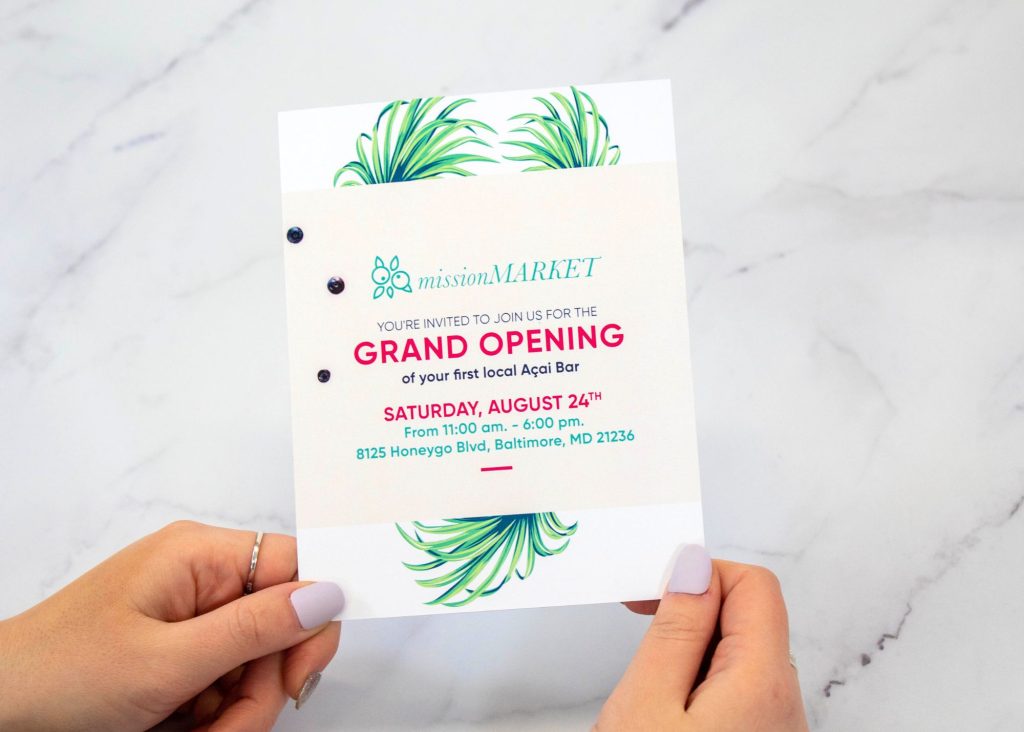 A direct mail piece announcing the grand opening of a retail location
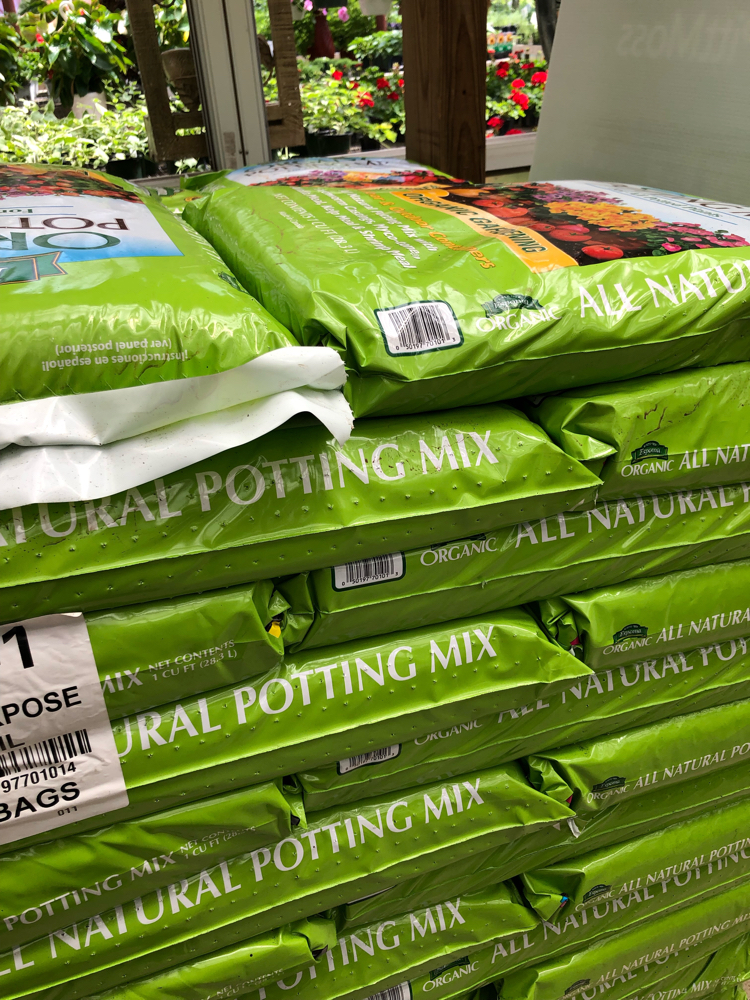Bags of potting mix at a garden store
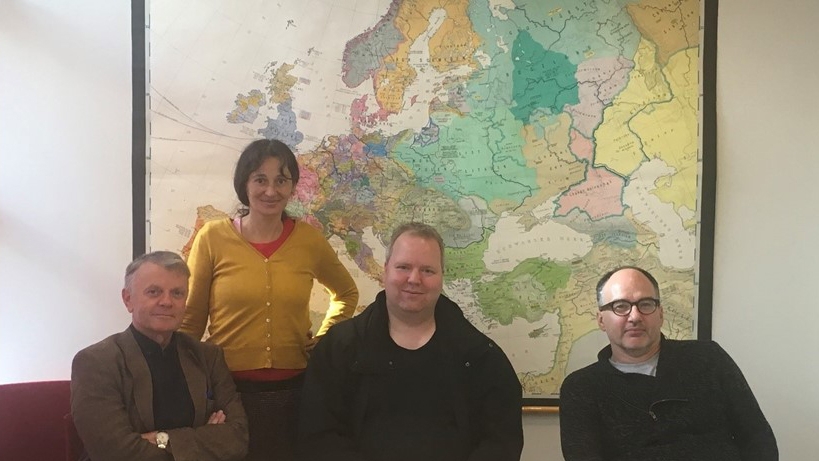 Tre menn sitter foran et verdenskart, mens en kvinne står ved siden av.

◆ **PROBLEM**: Copy out the lines exactly as written, beginning with the one that contains "Bags of potting mix at a garden store" and ending with the last line of the material; do not include pictures.

◆ **SOLUTION**:
Bags of potting mix at a garden store
 Tre menn sitter foran et verdenskart, mens en kvinne står ved siden av.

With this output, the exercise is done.